Daily Archives: September 9, 2013
Pacific And Pacifist
Yours truly cannot but look with some concern at the views and the mentality with which many of those opposed to a US intervention in Syria present their argument. Let me describe some of them, and add my two Catholic cents on them.
1. The US might become involved in a new war.
I do not know you, but I always thought that with power comes responsibility, and a superpower should have correspondent responsibilities. If we look at the past, it was the richest and most powerful who were asked to make the biggest effort – be it concerning the Crusades, the feeding of the poor, or the building of the next cathedral -. To be a superpower involves the continuous risk of being involved in undesired conflicts; the obvious counterpart, by the by, of the possibility of influencing each one of them.
2. War is bad/no more war/make love,not war/give peace a chance (and similar rubbish).
This kindergarten pacifism (a favourite pastime not only of hippies and assorted potheads, but also of Pope Paul VI, and Bishop Francis) has the consequence that Neville Chamberlain must be considered an excellent man at least until September 1939, and Winston Churchill a war-thirsty bastard who led countless young lives to a useless death. Every wholesale expression of war as a never acceptable option not only does not take account of reality, but positively helps evil fanatics the world over. At times, evil regimes must simply be kicked/bombed out of existence, and again to deny this means to be a Chamberlain of a particularly obtuse sort. Unfortunately, the bishop of Rome cannot escape this kindergarten logic; a logic which makes him look good with the kindergarten masses, and which he must therefore think very smart.

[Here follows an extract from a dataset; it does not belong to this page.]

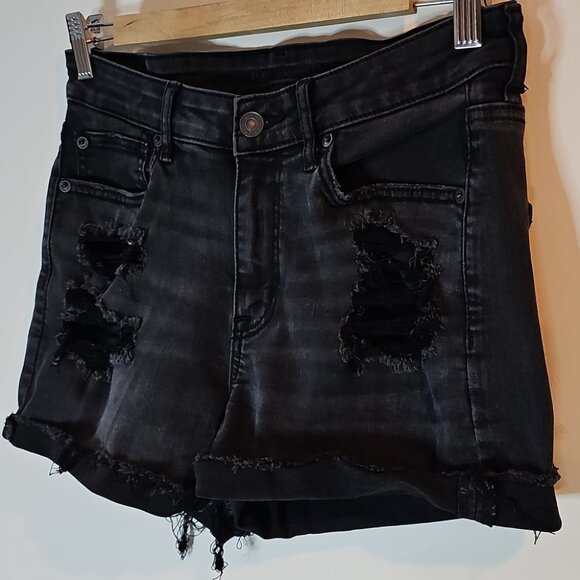 American Eagle Black Size 6 High Rise Distressed Style Jean Shorts - Picture 2 of 8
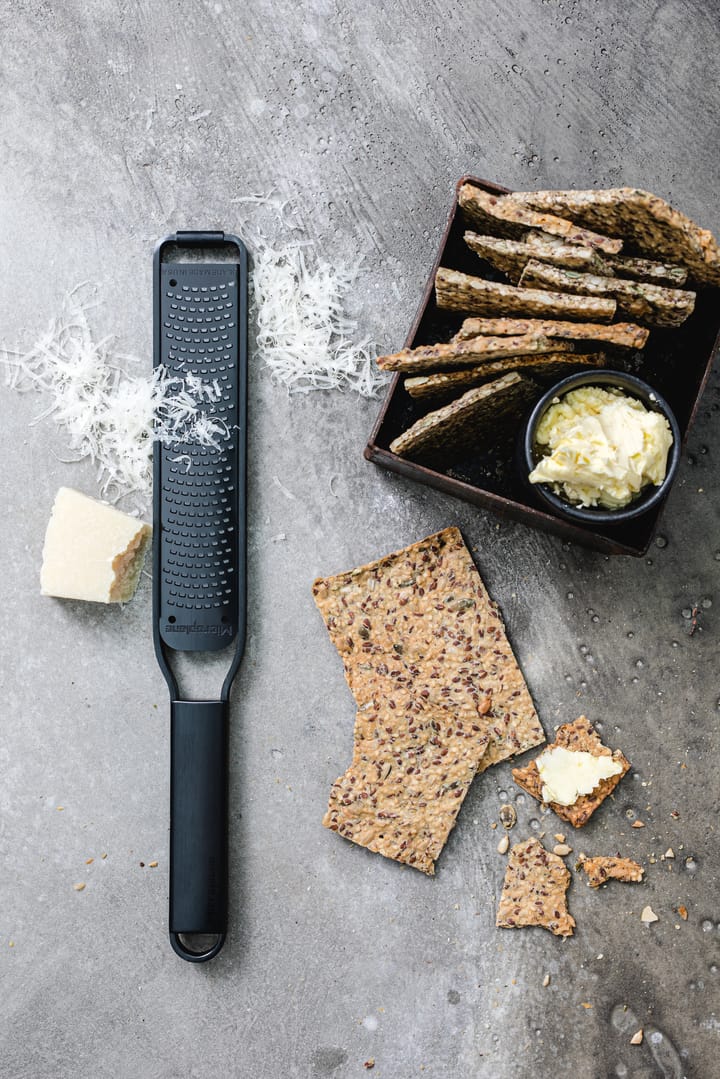 Black Sheep zestiraastin 31 cm, Musta Microplane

3. Violence must make way for negotiation.
The continuous calls for peace where peace is clearly not in the cards is, if we are honest, another piece of kindergarten stuff; whilst I expect calls to peace from a Pontiff, when it is the only plan of action this is what we hear from people who wants to look good on the cheap, and without taking risks. Wars – most of all, civil wars and/or religious wars – aren’t fought because the parts aren’t aware that there is the option of negotiations. As long as the military option seems more promising to at least one of the fighting parties, an armed confrontation is what you will get. Actually, in the presence of an extremely ideologically motivated side – say, Al Qaeda-near fighters; or the Vietcong – any ceasefire will only be used to regroup and go better prepared into the next military campaign, which is why in this situation any ceasefire now is probably going to be paid with more violence later. More in general, to ask what is clearly unrealistic merely in order to look good and please the crowds – yes, I am thinking of Francis again – is nothing to do with a serious analysis of the problem or an intelligent proposal for its solution. It is merely what Francis does all the time: pleasing the crowds.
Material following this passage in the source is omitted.